• Aim of the exercise: From top to bottom, retype the data exactly, passing over any picture.

• Data block:
+++

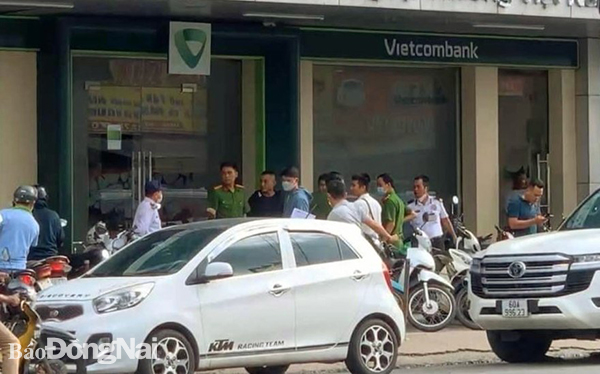 Lực lượng công an có mặt tại hiện trường để điều tra vụ việc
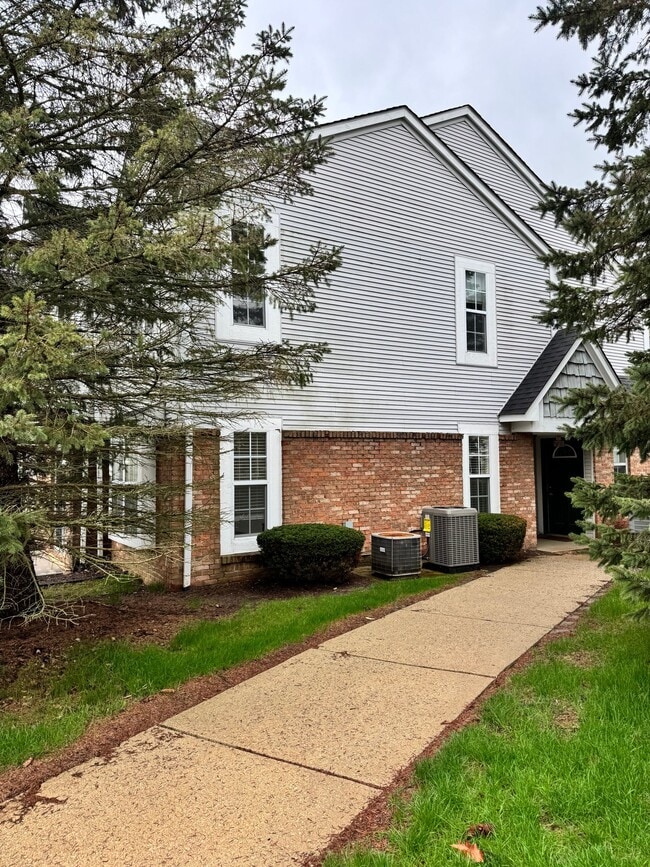 Photo - 249 Brookwood Dr Unit 2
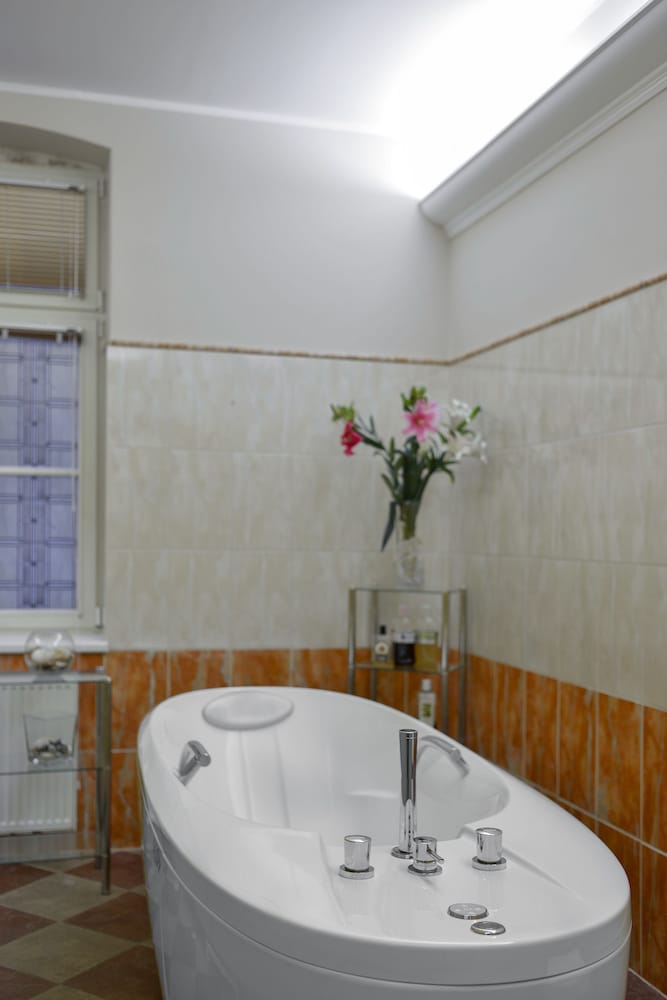 Hotel Residence Romanza 61/62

+++

• Task response:
 Lực lượng công an có mặt tại hiện trường để điều tra vụ việc
 Photo - 249 Brookwood Dr Unit 2
 Hotel Residence Romanza 61/62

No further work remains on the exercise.